Applicability to Central Planning
Many enterprises have already connected their regional warehouses to the Home Office,
and Home Office to production facility, so that as soon as a shipment is made to
a retailer, this product information is immediately fed into the production plan
of the relevant factory. The efficiency of this high-tech approach to Free Market, private
sector planning, has already been demonstrated during the last two recessions in
the United States where production was cut back substantially and with minimum time
lag as soon as computers registered a slacking in demand. This minimized unwanted inventory
build-up during the recession, hastening the recovery when demand began to pick up.
At this point, perhaps something should be said about planning. Free Market enthusiasts
often insist that planning is anathema. Yet no one needs to plan more carefully
and accurately than the Free Market entrepreneur. It is his capital and his unsubsidized business which are at risk.
If he plans poorly and over (or under) purchases, it is his profits which suffer and
his enterprise which may face bankruptcy. So, when one digs a bit more, one finds
that the Free Market entreprenuer, with his monthly, semi-annual, annual, three year,
and long-term plans, is not opposed to his own planning practices. His underlying
opposition to "planning" is generally based on a realization that planning at national
level, by people not directly involved in and not knowledgable about the economics
of his business, can lead to major catastrophe when planning mistakes are made. Better,
he feels, for small mistakes in judgment to be made at firm level, being somewhat
canceled out by the law of large numbers. And in this, entreprenuers may be pleased
to learn that most professional economists are in agreement.

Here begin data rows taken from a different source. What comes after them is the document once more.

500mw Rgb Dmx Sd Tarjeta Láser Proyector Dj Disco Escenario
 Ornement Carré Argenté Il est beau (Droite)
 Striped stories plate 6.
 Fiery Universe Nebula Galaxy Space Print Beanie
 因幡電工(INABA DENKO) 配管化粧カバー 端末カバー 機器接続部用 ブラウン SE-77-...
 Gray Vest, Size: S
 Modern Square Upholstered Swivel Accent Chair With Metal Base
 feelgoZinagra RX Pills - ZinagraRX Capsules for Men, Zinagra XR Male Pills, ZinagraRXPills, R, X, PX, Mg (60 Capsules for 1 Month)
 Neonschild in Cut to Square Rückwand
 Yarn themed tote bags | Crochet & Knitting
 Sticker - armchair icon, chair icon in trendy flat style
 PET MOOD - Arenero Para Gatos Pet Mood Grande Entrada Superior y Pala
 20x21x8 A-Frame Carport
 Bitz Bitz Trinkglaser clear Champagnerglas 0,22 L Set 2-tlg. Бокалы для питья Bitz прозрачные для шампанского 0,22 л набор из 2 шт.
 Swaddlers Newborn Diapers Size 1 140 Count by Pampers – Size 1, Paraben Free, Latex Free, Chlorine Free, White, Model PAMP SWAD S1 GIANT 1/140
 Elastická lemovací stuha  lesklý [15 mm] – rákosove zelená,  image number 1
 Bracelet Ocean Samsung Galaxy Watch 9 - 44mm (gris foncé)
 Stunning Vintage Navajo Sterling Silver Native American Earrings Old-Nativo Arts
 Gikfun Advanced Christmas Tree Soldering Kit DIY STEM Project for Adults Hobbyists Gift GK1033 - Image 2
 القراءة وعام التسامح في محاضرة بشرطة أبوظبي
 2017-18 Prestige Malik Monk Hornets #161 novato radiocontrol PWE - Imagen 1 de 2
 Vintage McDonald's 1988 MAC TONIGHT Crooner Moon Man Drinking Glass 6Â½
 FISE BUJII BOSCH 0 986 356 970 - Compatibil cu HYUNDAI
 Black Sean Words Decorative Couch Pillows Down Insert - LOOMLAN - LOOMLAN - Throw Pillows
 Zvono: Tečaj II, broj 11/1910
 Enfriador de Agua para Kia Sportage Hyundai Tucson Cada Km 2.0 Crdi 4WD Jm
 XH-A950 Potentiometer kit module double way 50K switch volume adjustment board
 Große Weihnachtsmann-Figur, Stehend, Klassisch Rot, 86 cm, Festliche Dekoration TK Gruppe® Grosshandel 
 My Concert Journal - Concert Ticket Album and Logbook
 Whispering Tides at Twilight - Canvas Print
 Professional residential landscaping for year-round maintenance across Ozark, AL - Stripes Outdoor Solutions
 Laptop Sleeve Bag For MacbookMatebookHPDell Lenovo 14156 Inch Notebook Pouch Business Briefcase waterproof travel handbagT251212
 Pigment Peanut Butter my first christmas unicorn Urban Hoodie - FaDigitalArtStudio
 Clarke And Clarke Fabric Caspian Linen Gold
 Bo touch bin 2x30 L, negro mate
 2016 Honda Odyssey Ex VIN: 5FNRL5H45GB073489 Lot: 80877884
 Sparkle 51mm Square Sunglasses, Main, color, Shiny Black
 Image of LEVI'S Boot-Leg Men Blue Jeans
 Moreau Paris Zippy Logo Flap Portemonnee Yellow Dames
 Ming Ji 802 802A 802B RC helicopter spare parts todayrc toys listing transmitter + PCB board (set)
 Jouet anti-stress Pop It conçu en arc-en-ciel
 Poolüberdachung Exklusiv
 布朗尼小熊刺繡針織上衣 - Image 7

Still, there is undeniably a lot of waste in competition. Viz. the multi-billion
dollar bailout of dozens of failed Savings and Loan establishments, mounting airline
backruptcies following unrestrained deregulation, and the current failures of major
banks, newspapers, and large enterprises. It can of course be argued, and has been, most
notably by Joseph Schumpeter a noted Harvard economist of a generation ago, that
these failures constitute a necessary, periodic, cleaning out of the arteries of
business -- what Schumpeter called "a creative destruction". And that the costs of such
failures are miniscule compared to the chronic waste of the protection and subsidies
of centrally planned socialist economies. And, one supposes, that the collapse of
the Soviet economy and forced market-oriented restructuring of the Chinese economy are evidence
in support of the Shumpetrian thesis.
Which brings us back to Oscar Lange and his untried theory of market-directed central
planning.
The present author certainly does not intend to present a brief in favor of central
government planning. It is simply that, as a matter of theoretical interest, Point-of-Sale
Technology presents the possibility for an interesting effort to match socialist planning ideals to modern technology. It almost seems a pity that we'll be seeing
the end of socialism before the contribution of its most throughtful theorist, Oscar
Lange, have ever been tried.
There is no technical reason why, in a socialist economy, the cash registers in every
wholesale and retail outlet in a given country could not be directly connected with
the computers of the Planning Ministry. This would give the Ministry almost-instantaneous information regarding the market demands for virtually every product category.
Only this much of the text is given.